The actions reflect a layered U.S. strategy that pairs economic tools with a sustained military presence in the Caribbean. U.S. officials describe the deployment, which has been concentrated off Venezuela's coast for roughly four months, as aimed at disrupting drug trafficking and enforcing sanctions tied to oil shipments. Venezuelan officials view the buildup as an attempt to force regime change, a framing that has heightened regional tensions and complicated diplomatic avenues.

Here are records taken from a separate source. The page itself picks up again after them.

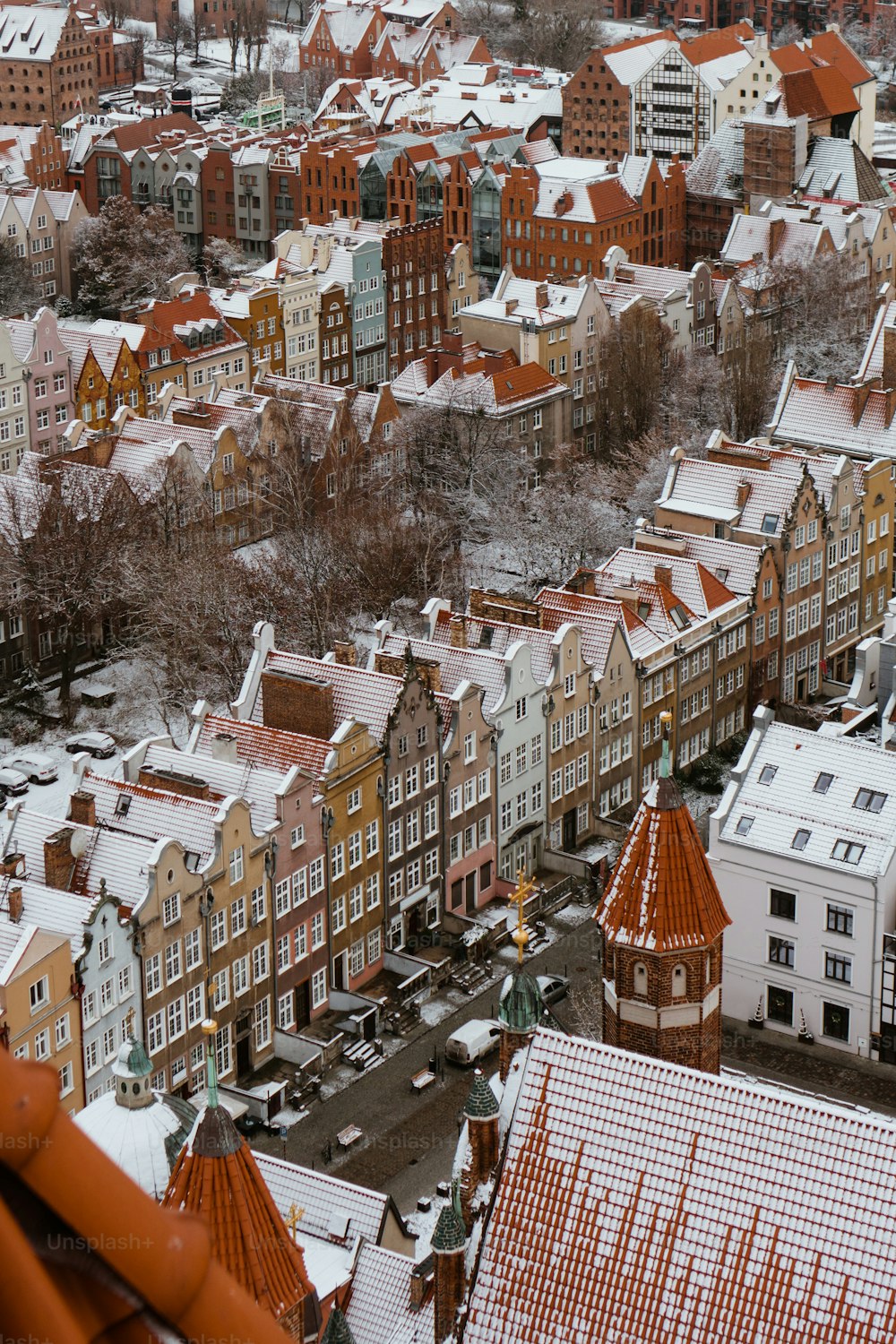 Une vue d’une ville avec beaucoup de bâtiments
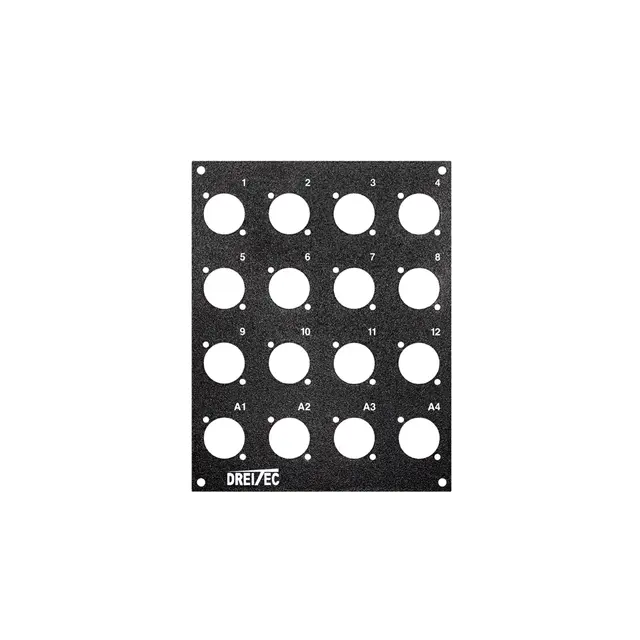 PROkabel Frontplate 12/4 A/B-Typ 4HEx2BE 19" modulsystem 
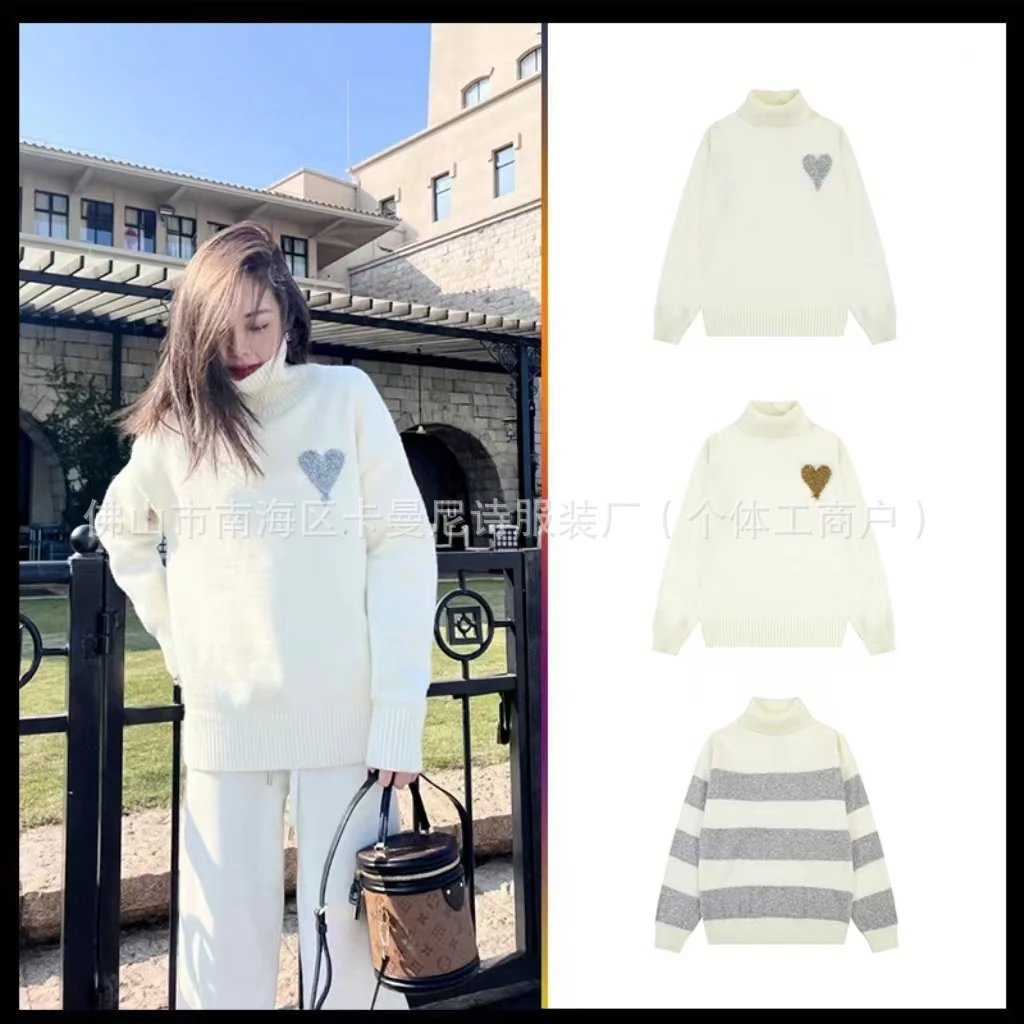 AMI Paris Ami de Cœur Turtleneck Knitwear qc 2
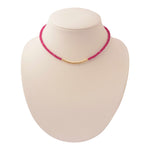 Little Bit Pink Agate Necklace - Barse Jewelry
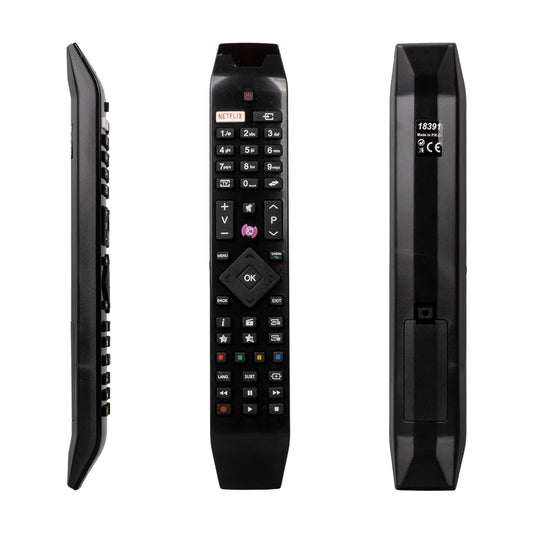VESTEL NETFLIX-MOR TUŞLU YENİ ÜSTÜ CAMLI-HITACHI RC 49141 LED TV KUMANDA (RC49141-30095562)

For markets and commercial shipping the combination of a blockade order and vessel seizures creates immediate uncertainty. The United States has targeted "sanctioned" tankers rather than Venezuelan exports in general, but enforcement operations at sea tend to ripple through freight markets, insurance premiums, and buyers' willingness to contract shipments into contested waters. At least one confirmed seizure and a presidential warning about returning tankers to U.S. harbors increase the risk premium for vessel operators and charterers moving product near Venezuela, with potential knock on effects for refined fuel flows to the Caribbean and Latin America.

Policy analysts point to unresolved legal questions that could shape the scope and duration of the blockade. Reports to date do not specify the precise statutes or interagency authorizations used to impose the December 16 order, nor do they detail rules of engagement for interdictions at sea. Those operational and legal gaps matter for allies, shipping registries, and insurers evaluating exposure, and for courts that could be asked to adjudicate seizures and claims.

The president also declined to say explicitly whether ousting Mr. Maduro was the ultimate objective, offering instead, "He knows exactly what I want." That ambiguity feeds both political calculation and market volatility. A U.S. posture that keeps military options and economic interdictions on the table raises the prospect of a rapid escalation that could disrupt energy and logistical chains in a region still recovering from the pandemic and years of Venezuelan production decline.

Longer term the episode underscores a trend toward the use of maritime interdiction and extraterritorial sanctions to pursue foreign policy goals, a tactic that shifts conflict risk onto commercial actors and global supply networks. For businesses and governments reliant on predictable shipping lanes the immediate need is clarity on enforcement rules. For investors and markets the key variables will be the legal justification for the blockade, the tempo of further seizures, and whether diplomatic channels can defuse a confrontation before it produces broader economic fallout.